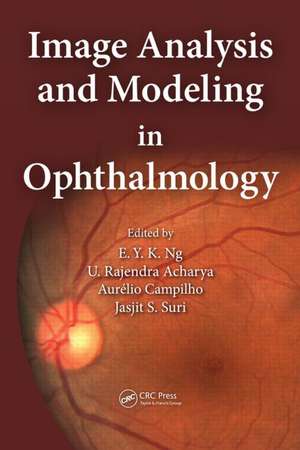 Image Analysis and Modeling in Ophthalmology de Eddie Y. K. Ng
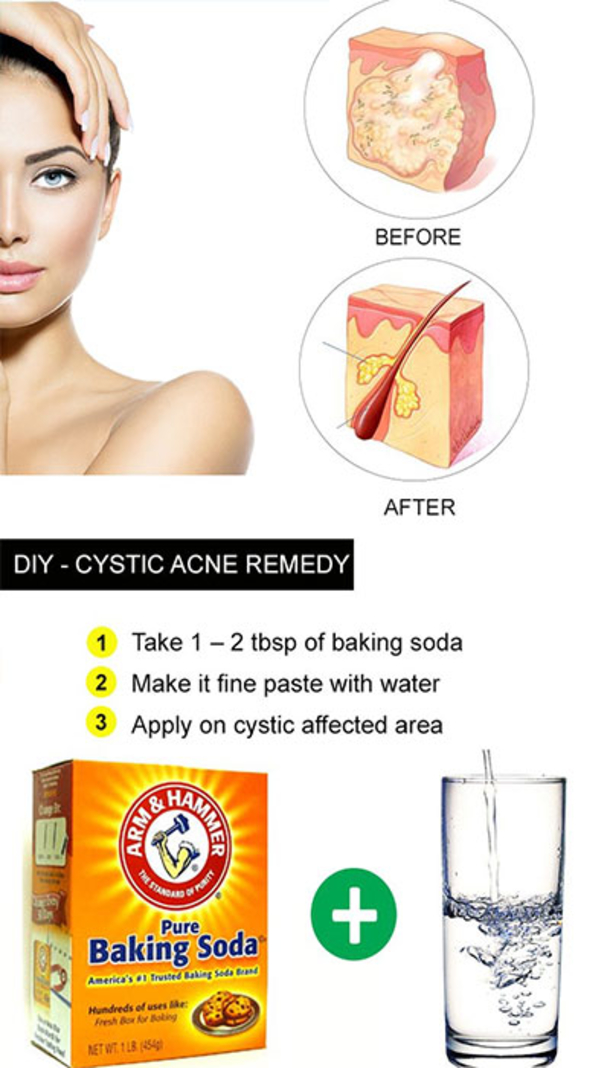 Here Are 15 DIY Hacks, Tips and Tricks That Will Make That Acne Vanish Overnight! - picture 3
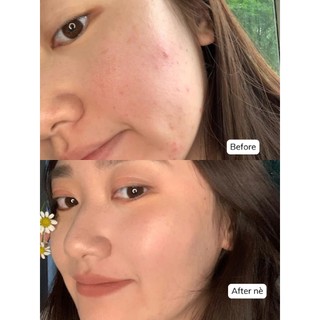 Kem che khuyết điểm Full Cover với độ che phủ cao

=== Required work ===
Would you copy out the data exactly, leaving every picture out?

=== Exercise solution ===
 Image Analysis and Modeling in Ophthalmology de Eddie Y. K. Ng
 Here Are 15 DIY Hacks, Tips and Tricks That Will Make That Acne Vanish Overnight! - picture 3
 Kem che khuyết điểm Full Cover với độ che phủ cao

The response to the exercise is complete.